Chapter IV · Security

Wazuh Triage: RCA, Fix, Narrow Suppress, One Pass

Tested on
Wazuh manager 4.14.5 in an LXC container, watching a 14-agent home fleet (one AI agent host, one hypervisor, one Windows desktop, plus containers)
Last updated
2026-06-04

When a Wazuh alert fires, find the root cause first, fix the underlying problem, and only then write the narrowest possible suppression. Do all three in one pass so the alert channel stays high-signal. 🦞

Why This Matters

A self-hosted SIEM is only useful if you trust the alerts. The failure mode is not too few alerts, it is too many. After a week of a noisy ruleset, you start ignoring the channel, and the one real alert that matters scrolls past unread.

The temptation when an alert is annoying is to disable the rule. That is the wrong move almost every time. Disabling rule 510 because rootcheck keeps flagging your shadow-utils binaries also disables it for the actual trojaned binary you bought the SIEM to catch. Blanket suppression trades a noisy channel for a blind one.

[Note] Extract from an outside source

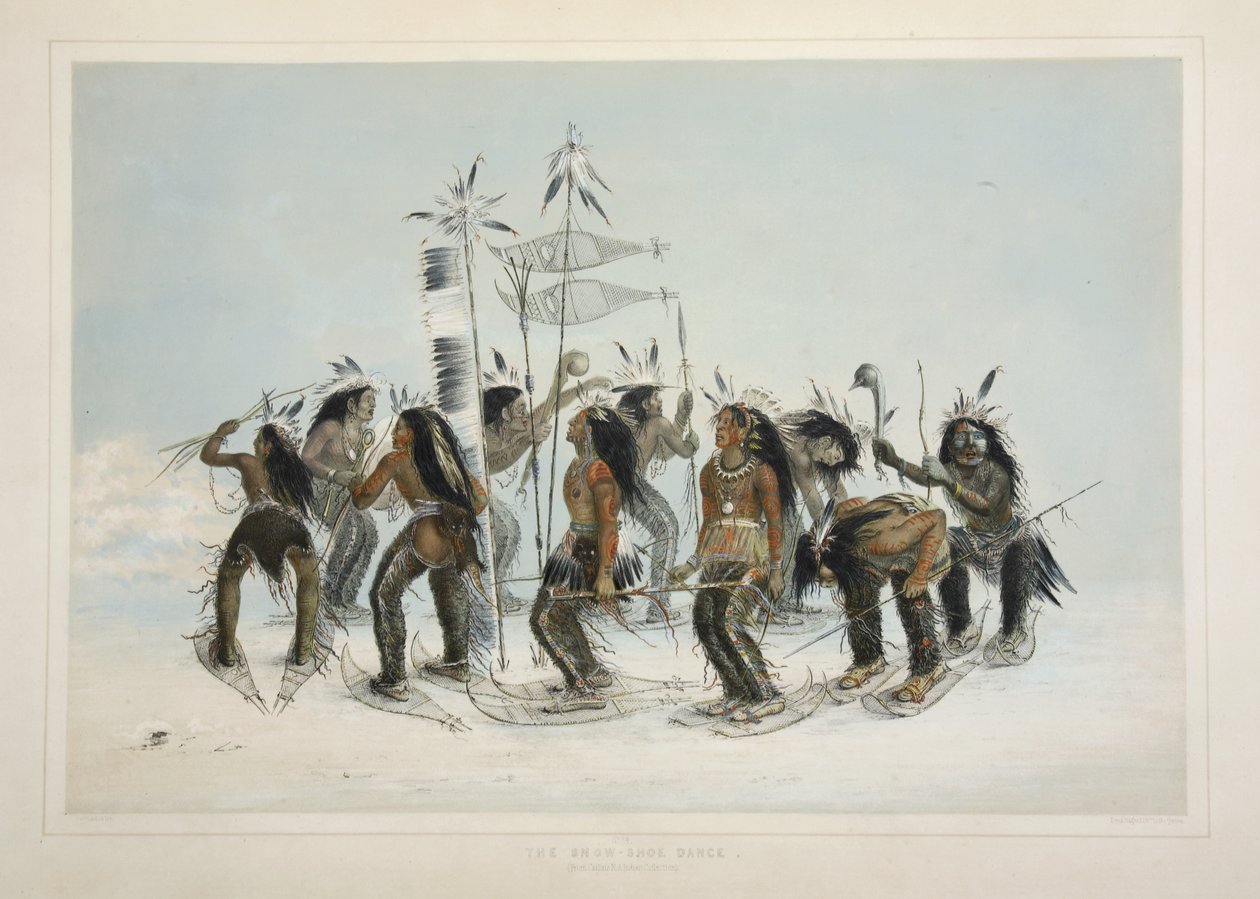 La danza delle racchette da neve, da Catlins North American Indian Portfolio. Hunting Scenes and Amusements of the Rocky Mountains and Prairies of America, pub. 1845 da George Catlin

The discipline here is a single pass with three steps, in order:

  1. Root-cause the alert. Is it a real finding, a false positive, or a misfiring CPE/signature match? You cannot suppress correctly until you know which.
  2. Fix the underlying issue if there is one. Patch the package, mask the crash-looping service, remove the exposed listener. Most alerts that look like noise are actually a small real problem.
  3. Write the narrowest suppression that silences exactly this case and nothing adjacent. Scope it by rule ID plus field match, never by disabling the parent rule.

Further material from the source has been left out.